Incidentally, AI isn’t just limited to the cockpit: it’s already being used to predict and detect traffic accidents and road conditions. The Surtrac adaptive traffic signal control system, from Carnegie-Mellon University spinoff Rapid Flow Technologies, senses traffic flow at an intersection with the aid of cameras, radar, induction loops, and other inputs. It then creates and implements an optimization plan to route traffic through the intersection and communicates the data to controllers at neighboring intersections.
Further on Down the Road
When autonomous vehicles become commonplace, they will start to change the broader transportation ecosystem. Once transportation as a service (TaaS) becomes the dominant model, it’ll likely spell doom for many transportation-related occupations, beginning with taxi, bus, limo, and truck drivers, plus drivers for USPS, UPS, FedEx, Pizza Hut, etc.
Longer term, the economic case for private ownership of vehicles begins to dissolve.

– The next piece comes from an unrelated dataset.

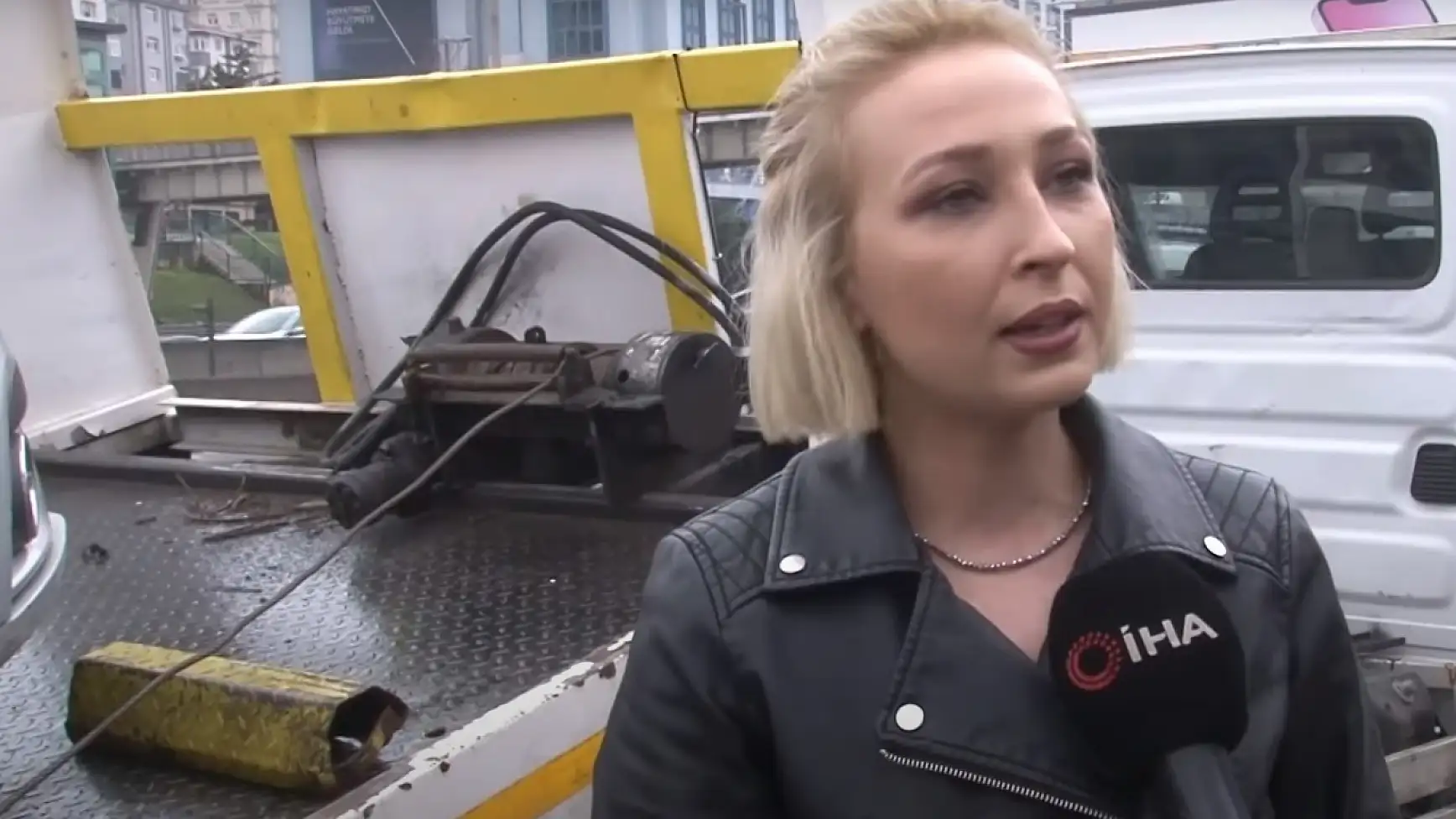 Ataşehir’in kadın çekici operatörünü görenler şaşkınlığını gizleyemiyor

It doesn’t look good for car dealerships, auto manufacturers, and insurance companies. Let’s not forget law enforcement: traffic police, traffic courts, and so on.
On a happier note, widespread adoption of autonomous vehicles will reduce the need for trauma surgeons and nurses. There were 40,000 traffic fatalities in the U.S. alone in 2017. The leading causes of accidents? Human drivers: distracted driving (texting, eating, calling), speeding, and driving while under the influence.
On the legal front, the existing legal framework constitutes one of main barriers to widespread adoption. In the U.S., automakers must satisfy both federal vehicle safety regulations and a patchwork of state laws. Cruise Automation has asked the National Highway Traffic Safety Administration (NTHSA) to approve a car without a steering wheel, brake pedal, accelerator, and other human-operated controls to be used as a robot taxi in 2019; lacking a federal override, many state laws must also be changed.
Intelligent vehicles raise wide-ranging privacy concerns. Surveillance cameras notwithstanding, car trips today are mostly private and anonymous. Your ride-hailed autonomous vehicle will know every detail of your journey and your behavior in the cab. If tough-on-crime advocates have their way, your ride is also likely to deposit you at the nearest police station if needed to answer for past crimes. Thankfully unpaid parking tickets will be a thing of the past.
On a related topic, autonomous vehicles are expected to create a lot of employment for lawyers. Lots of new laws to be written. Lots of deep pockets to go after. Perhaps we’re in the wrong profession.